À quoi servira ce nouveau bâtiment consacré à l’innovation ?

Jean Mane : D’une superficie de 10 000 m2 pour un investissement estimé à 30 millions d’euros, ce centre regroupera en un seul lieu la plupart des activités d’innovation et de recherche et des procédés pilotes industriels de nos divisions arômes et parfums du Bar-sur-Loup. Il y aura des ateliers et laboratoires d’extraction et d’extrusion, les laboratoires d’encapsulation, des lignes pilotes permettant de petites séries en boissons, produits salés, laitiers et alternatifs végétaux, des laboratoires dédiés aux nouvelles technologies de demain, des plateformes de tests et de recherche pour nos nouveaux procédés industriels ou encore un plateau de synergie entrepreneuriale à destination de start-up et micro-entreprises innovantes. Nous visons une inauguration en 2023. Nous privilégierons bien sûr des entreprises locales., notamment de BTP. De la même façon que je voudrais espérer que toutes les entreprises françaises qui consomment des arômes et parfums s’adressent à nous parce que nous sommes français. Malheureusement, ce chauvinisme est malheureusement plus développé dans d'autres pays industriels comme l'Allemagne.

Dans ce contexte, comment envisagez-vous l’année 2021 ?

Jean Mane : Nous sommes déjà dans l’incertitude pour la fin 2020 ! Nous n’avons eu recours à aucun des dispositifs de l’État. D’autres entreprises en ont davantage besoin que nous. Nous avons payé à temps nos salaires, nos impôts, nos cotisations sociales. Quelle perspective pour 2021 ? Je n’en sais rien. Y aura-t-il une troisième vague ? La France pourra-t-elle rembourser toute sa dette ? Le groupe Mane se portait mieux à la fin du premier semestre qu’à la fin du troisième trimestre. J’aimerais limiter la casse mais il faut se battre sur tous les fronts et gagner des parts de marché. Nos grands concurrents internationaux, suisses, américains, allemands, japonais, ne sont pas inactifs non plus, tant s'en faut.
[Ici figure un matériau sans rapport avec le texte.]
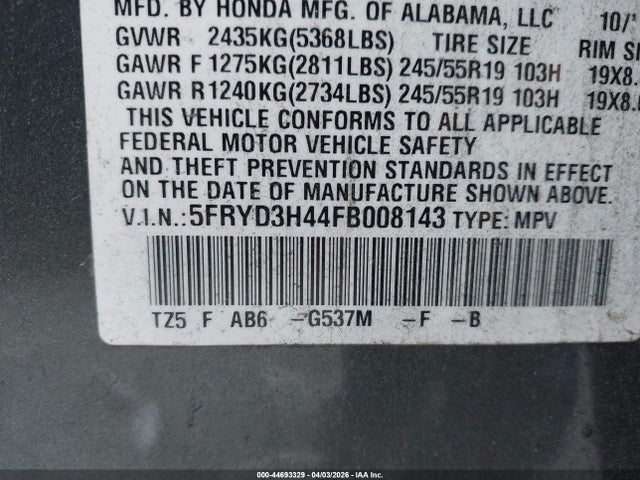 44693329 :رقم المزاد ، 5FRYD3H44FB008143 vin ، 2015 Acura Mdx Technology Package مزاد بيع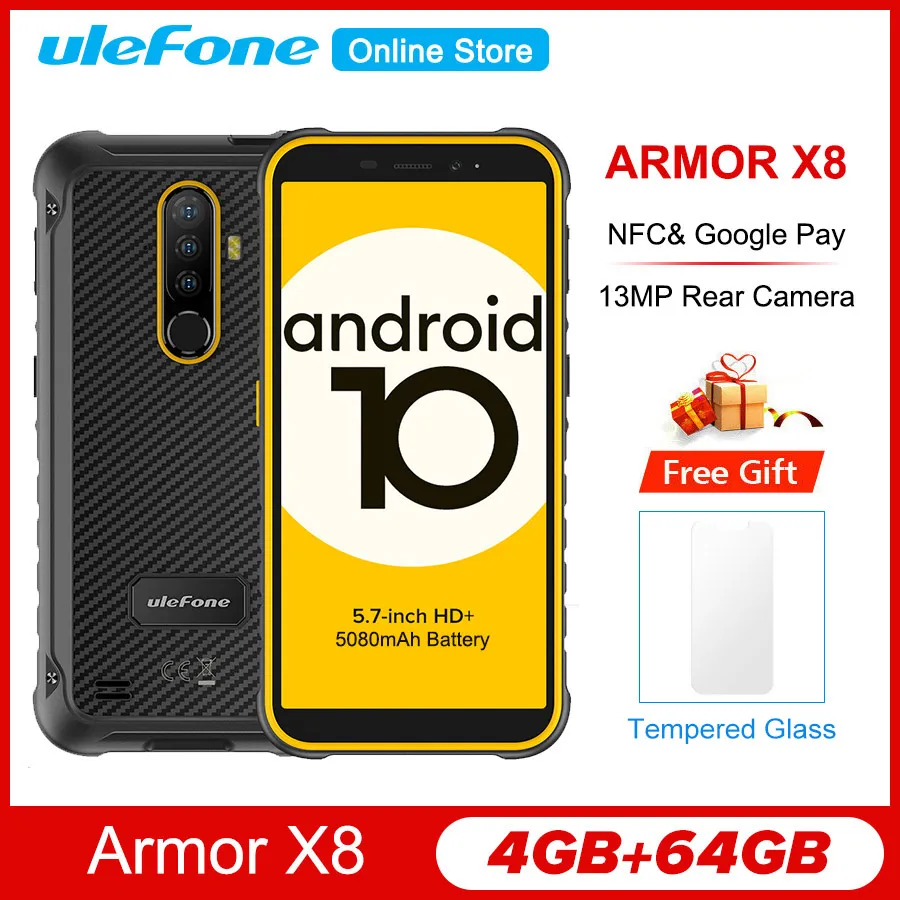 Ulefone Power X8 5 7 &quot&quot HD + прочный Водонепроницаемый смартфон MT6762V Android10 4 Гб 64 ip68 Octa Core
Vous ne semblez pas très optimiste ?

Jean Mane : Non, je suis réaliste. Il nous faut sans arrêt nous adapter. Cette crise nous aura au moins permis d’être plus agiles, plus réactifs, plus imaginatifs d’où le projet de centre d’innovation. Nous sommes prêts à lancer le chantier dès que possible, dès les autorisations obtenues.